I find the Czech order of Nom, Gen, Dat, Acc, Voc, Loc, Inst very counter-intuitive, not least because the Accusative case does not differ much from the Nominative. 

I see James Naughton in his Essential Czech Grammar (Routledge, p25) recommends learning the cases as follows: Nom, Acc, Gen, Dat, Loc, Inst, Voc - this is because the Nom and Acc are often identical and the Dat and Loc singular are often identical, and so it makes sense to keep cases often identical together. 

This means the traditional order 1-7 preferred in Czech grammars is actually illogical and poorly thought-out. 

Just a thought on an unexpected difficulty in learning Czech!

An example, on p26 of that work, is pán, which you could "recite" thus (in the singular):

pán
pána
pána
pánoví
pánoví
pánem
pane


----------



## Enquiring Mind

It's just convention, there's no logical reason why the Czech case enumeration should follow the Latin, or German, or Hungarian, or Finnish  (God help us). 

Although James Naughton's grammars are very good, I strongly disagree with his recommendation, which I think is badly misguided. Why do we learn Czech? Because we want to understand Czech, be understood, and communicate with Czechs.  In my (obviously subjective) experience, Czechs learn at school to identify the cases as first, second, third, fourth etc. Non-linguists will not necessarily be familiar with the terms nominative, genitive, dative, accusative, vocative etc.  I've even heard well-educated Czechs (teachers) having to do a double-take and think which case "vokativ" is supposed to be.
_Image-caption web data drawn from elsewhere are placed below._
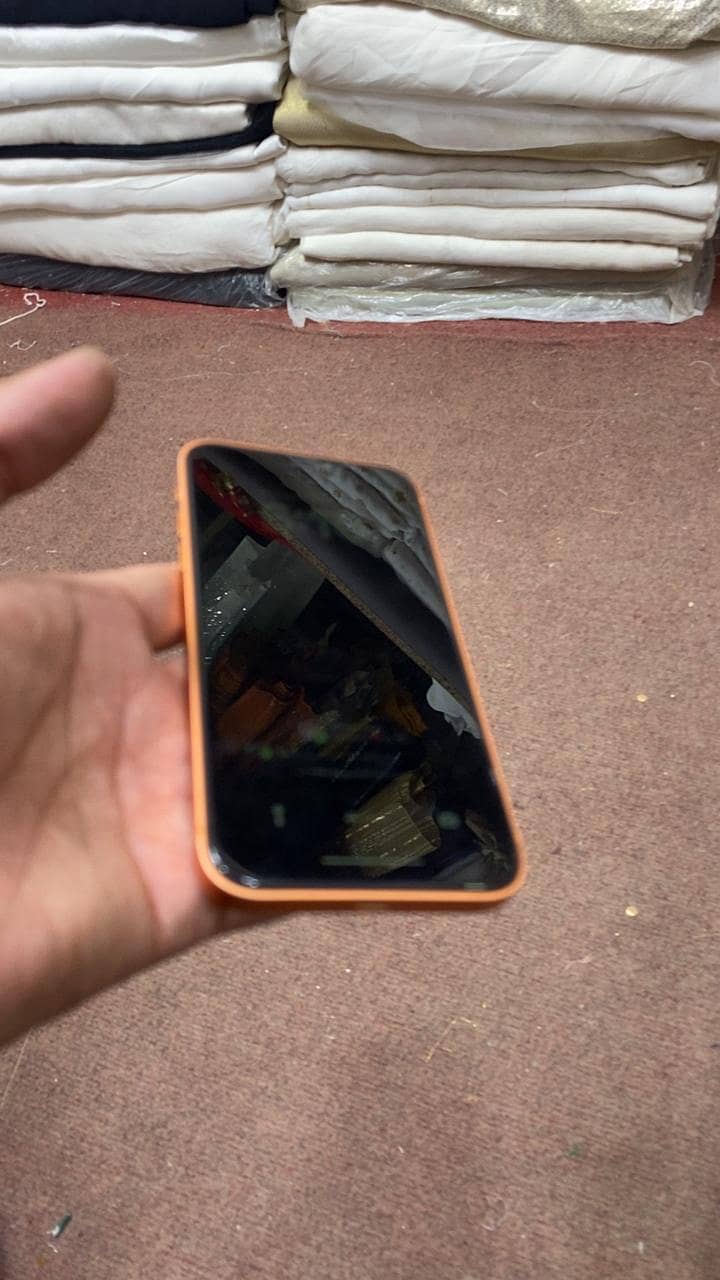 Apple iPhone XR 2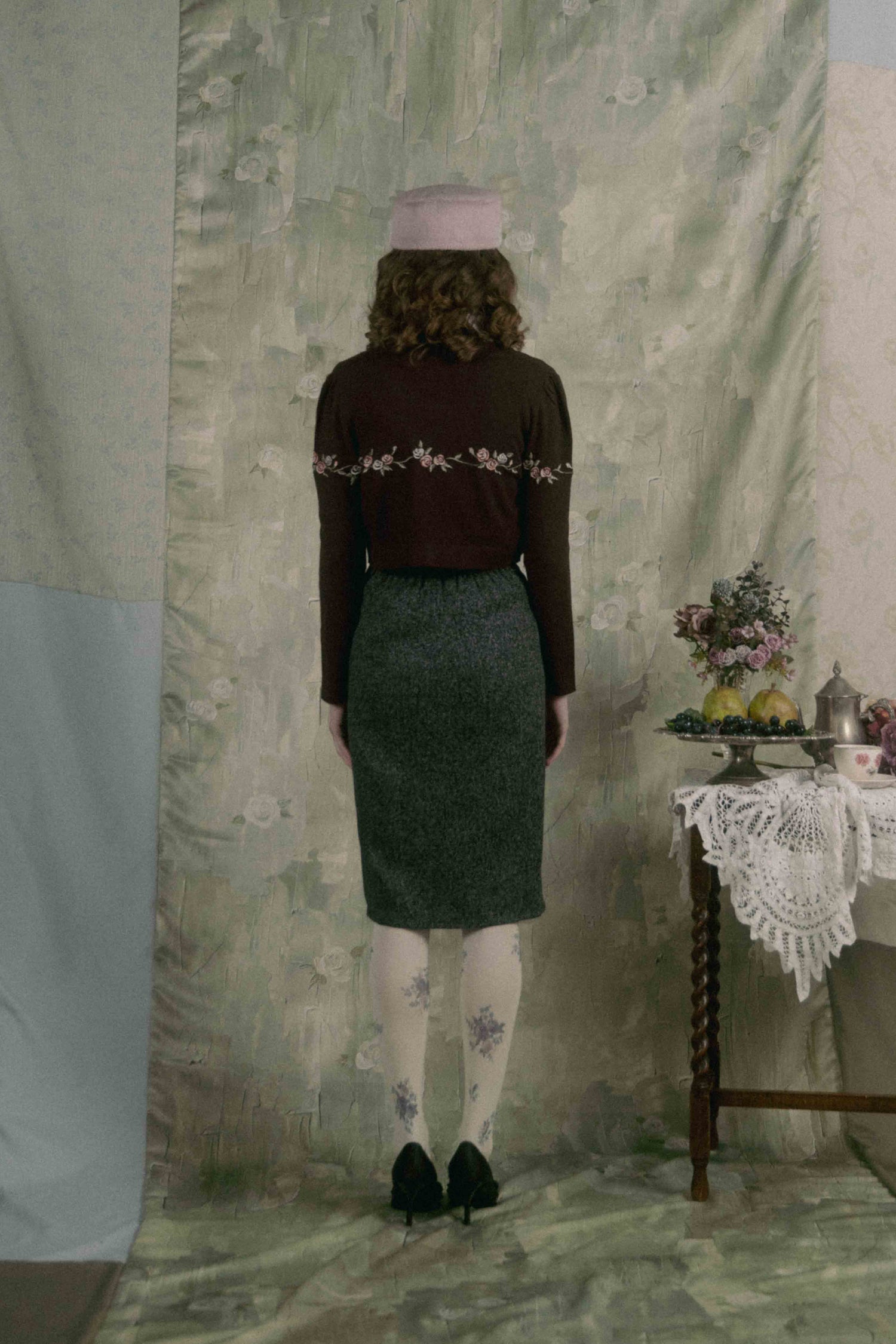 Rose embroidery ensemble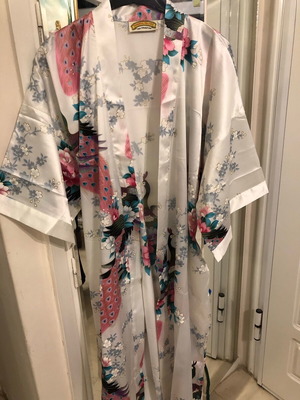 A-Style silk kimono with floral and wide sleeves, Japan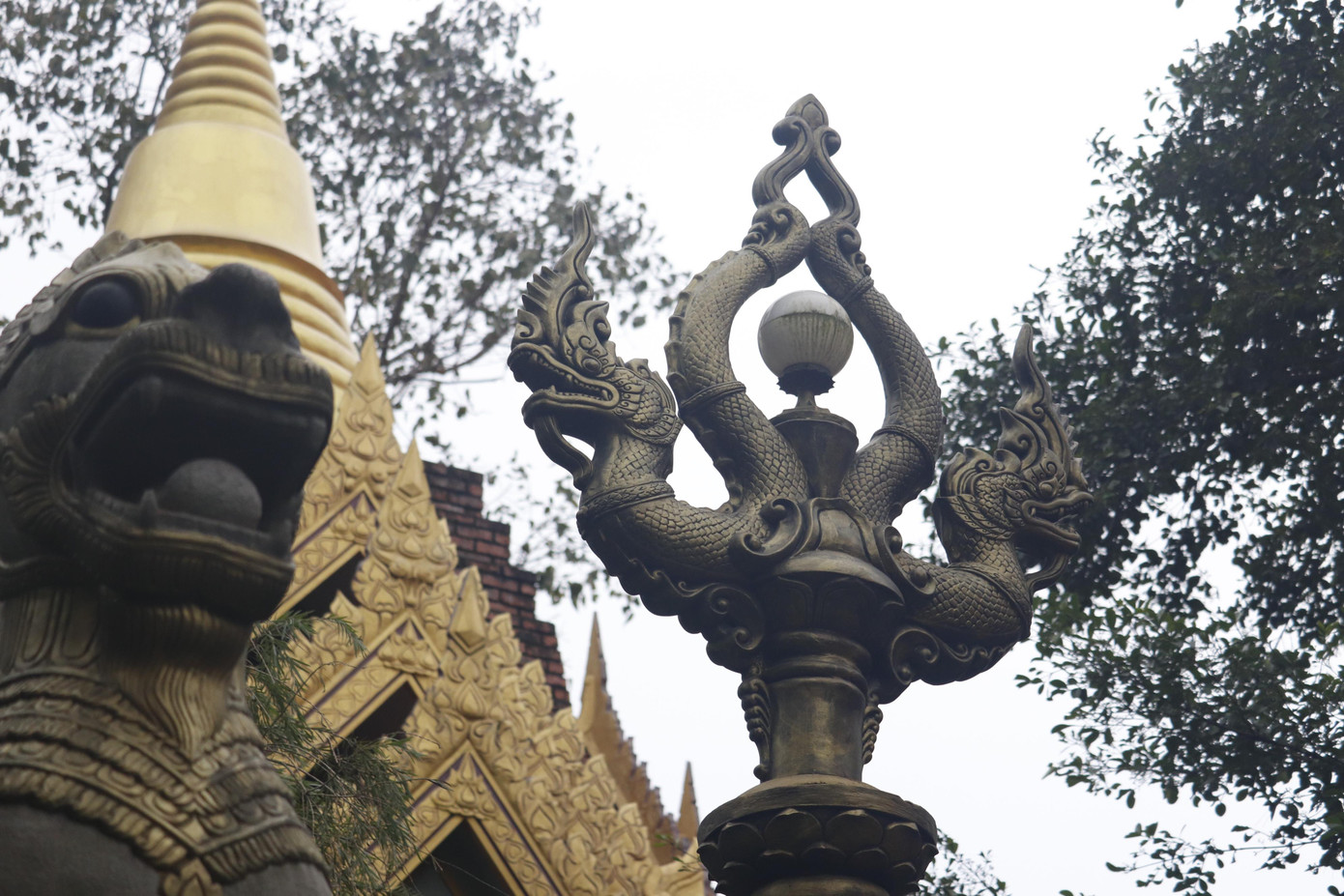 Tại khuôn viên chùa còn có nhiều công trình kiến trúc đẹp khác như tượng Kỳ Lân một sừng, tượng Phật Thích Ca, các đỉnh tháp thiết đặt trên nhiều phiến đá theo phong cách chùa thuộc hệ phái Nam Tông (Thevarada).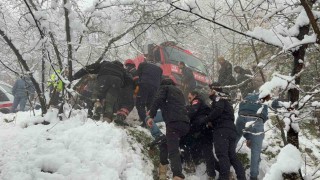 Kar sebebiyle kayganlaşan yolda kontrolden çıkan otomobil şarampole devrildi: 3 yaralı
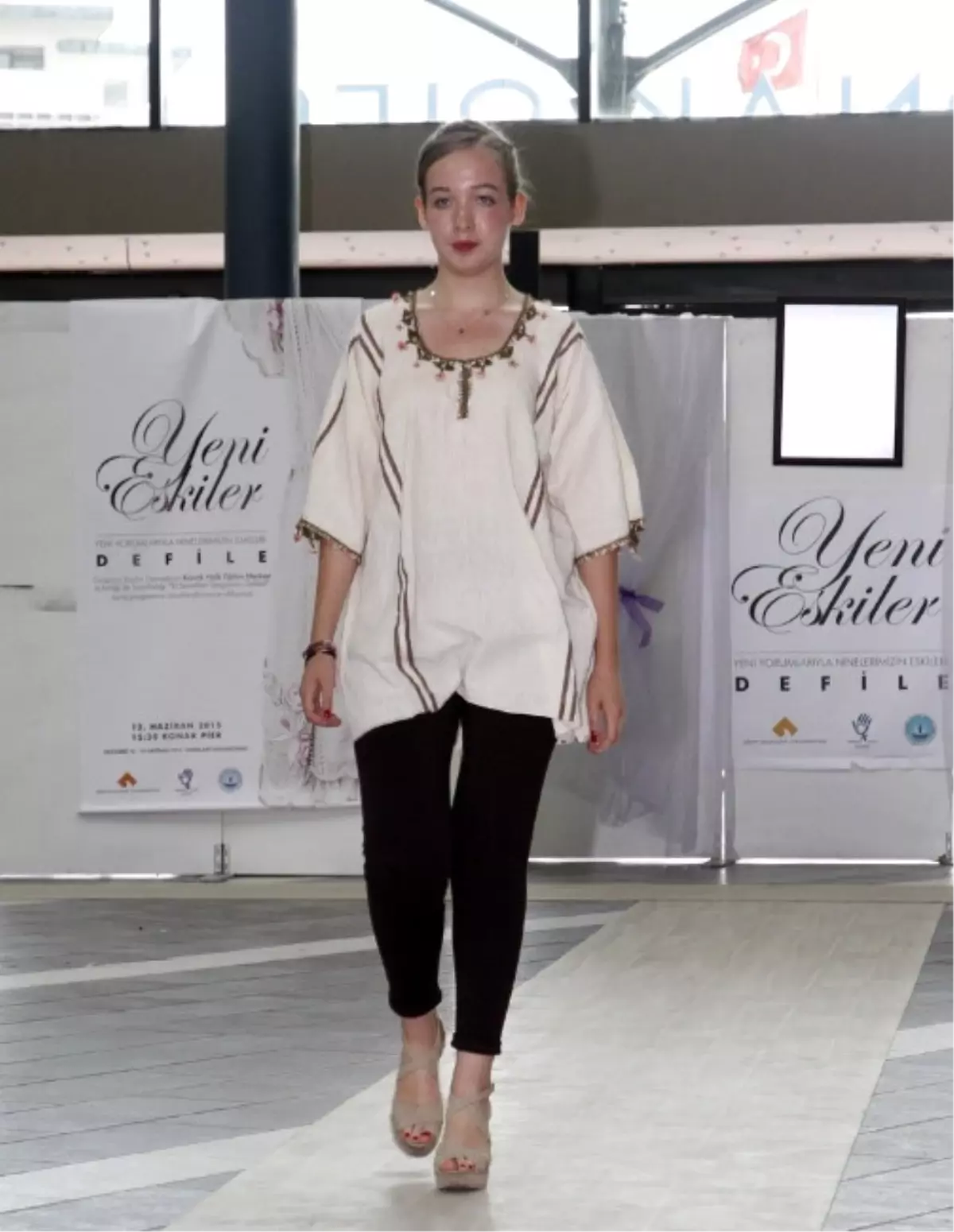 Öğretmenlerden Mini Defile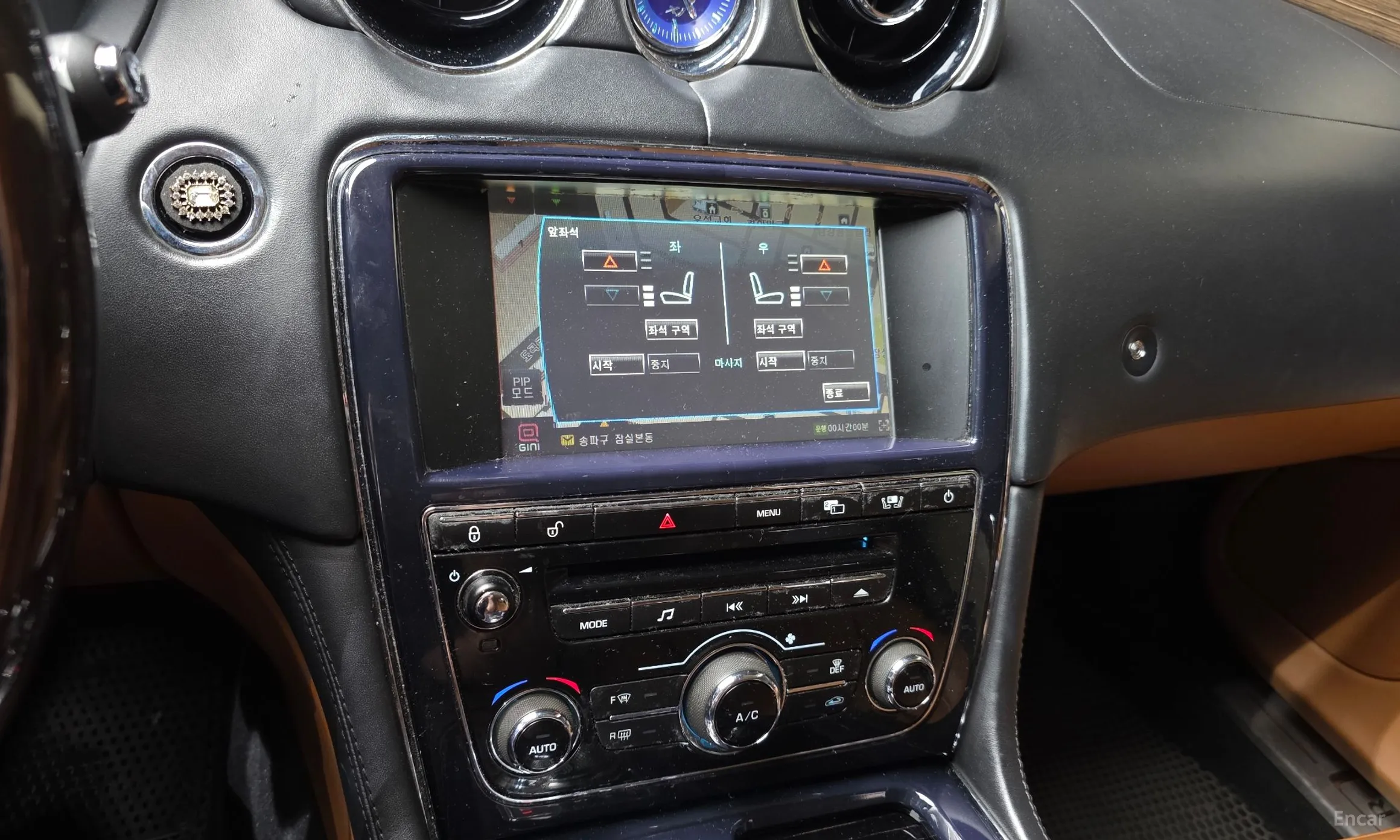 Jaguar All New XJ превью 16
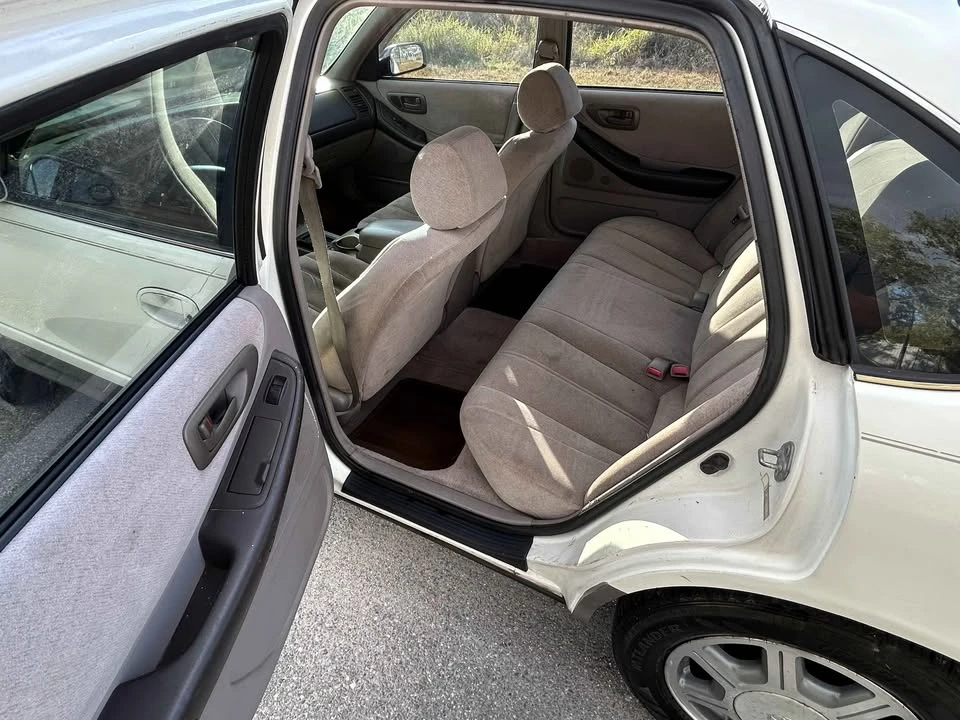 1996 Toyota Avalon 1st Gen - Image 5 of 8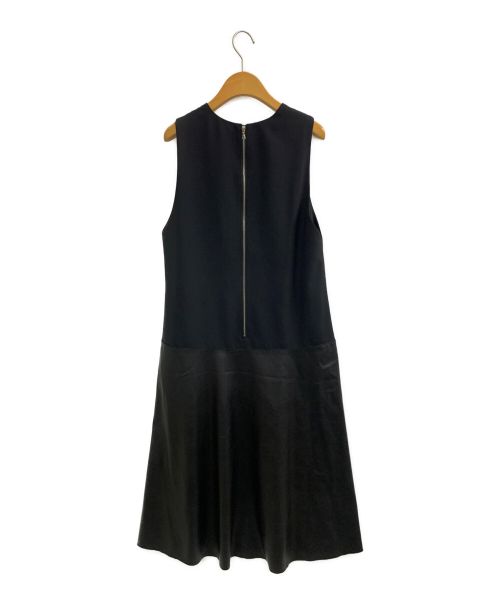 ADORE（アドーア）ADORE (アドーア) フェイクレザードッキングツイルジャンパースカート ブラック サイズ:36の古着・服飾アイテム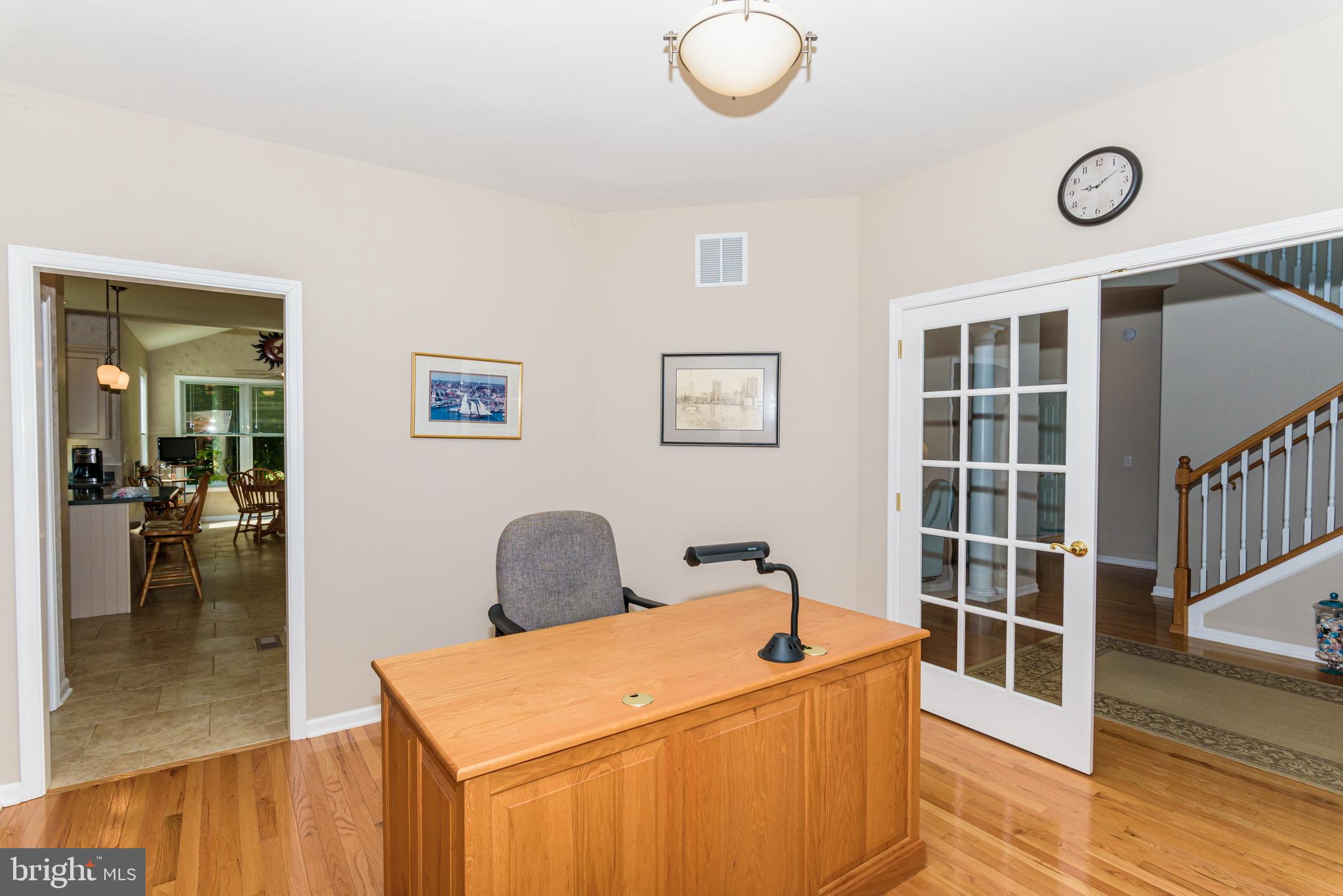 WHISPERING WOODS - Residential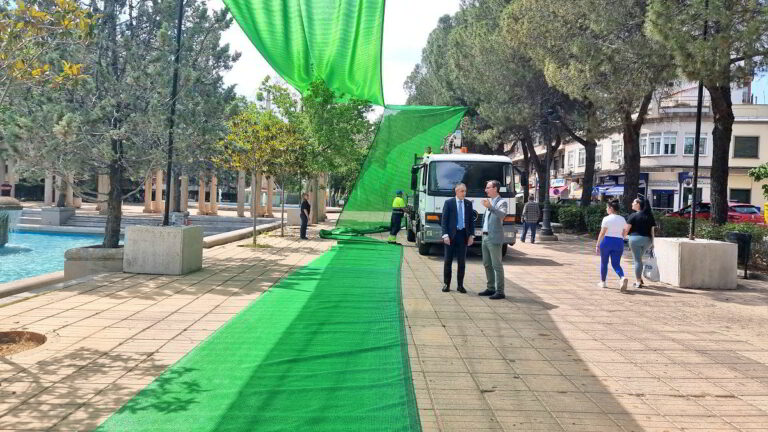 Puertollano: La espera del Santo Voto se aliviará con la instalación de toldos en la glorieta Virgen de Gracia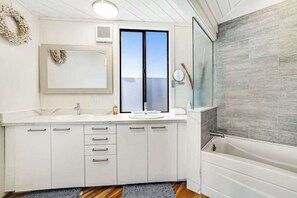 Shower, towels, shampoo - Bodega Bay Dog-Friendly Oceanview Home with Hot Tub (Bodega Bay)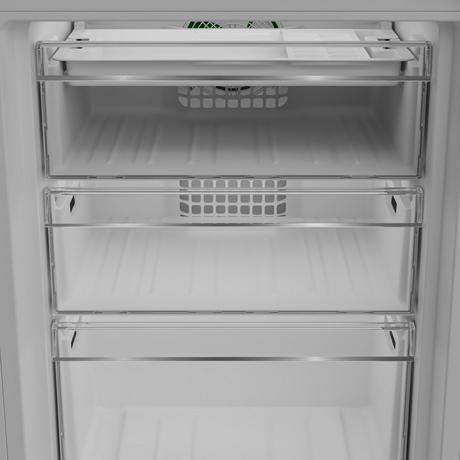 Blomberg KNE4554EVI Frost Free Integrated Fridge Freezer White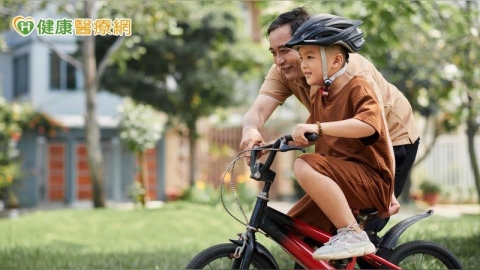 為什麼有些事自己做起來容易 教人做卻很難?專家解析何謂「肌肉記憶」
If you follow Naughton's recommendation, you'll refer to 2nd case and expect Czechs to understand you to mean accusative, 7th case and expect it to be understood as vocative, etc. This will cause no end of confusion when you talk to Czechs about grammar.  In Czech, druhý pád can only mean genitive, pátý pád can only mean vocative, sedmý pád can only mean instrumental, etc. В чужой монастырь со своим уставом не ходят .

This declension pattern for pán? Češi budou kroutit hlavou!

[*Do cizího kláštera se se svým řádem nechodí - not an established proverb in Czech, but easily understood. Note the double occurrence of "se", their respective  collocations, and the *fixed position* (in this sentence with no auxiliary verb, second "element") of the blue reflexive "se". The red "se" is "s" before a sibilant, as in Russian.]


----------



## djwebb1969

I see what you mean, thanks!


----------



## hypoch

Enquiring Mind, that was spot on!


----------



## werrr

Enquiring Mind said:


> It's just convention, there's no logical reason why the Czech case enumeration should follow the Latin, or German, or Hungarian, or Finnish  (God help us).


What is convention but following?

All Czech enumeration, traditional German enumeration and traditional Latin enumeration follow classical Greek enumeration. Your pseudo-Latin numbering is a 19th-century oddity of English provenance.


> If you follow Naughton's recommendation, you'll refer to 2nd case and expect Czechs to understand you to mean accusative, 7th case and expect it to be understood as vocative, etc. This will cause no end of confusion when you talk to Czechs about grammar.  In Czech, druhý pád can only mean genitive, pátý pád can only mean vocative, sedmý pád can only mean instrumental, etc. В чужой монастырь со своим уставом не ходят .


Yet, there is no space for confusion between Czech and German as there is this clear correspondence between the cases:

German <-> Czech

NOM <-> NOM or VOC
GEN <-> GEN or LOC
DAT <-> DAT or INS
ACC <-> ACC

1 <-> 1 or 5
2 <-> 2 or 6
3 <-> 3 or 7
4 <-> 4

The German-Latin and Czech-Latin correspondences are not so straightforward, but they are still convenient.


----------



## ilocas2

the use of number enumeration of cases is seen in the lyrics of song Šestej pád from Dan Bárta and Ewa Farna:

V hlavě nám hraje šestej pád
a srdce sedmým bije

In our heads the sixth case plays
and the heart beats with the seventh one


----------



## Bohemos

Zde je skloňování onoho substantiva ("pán", "pán") v singuláru, uvedené délky výše se mi tedy příliš nezamlouvají.


----------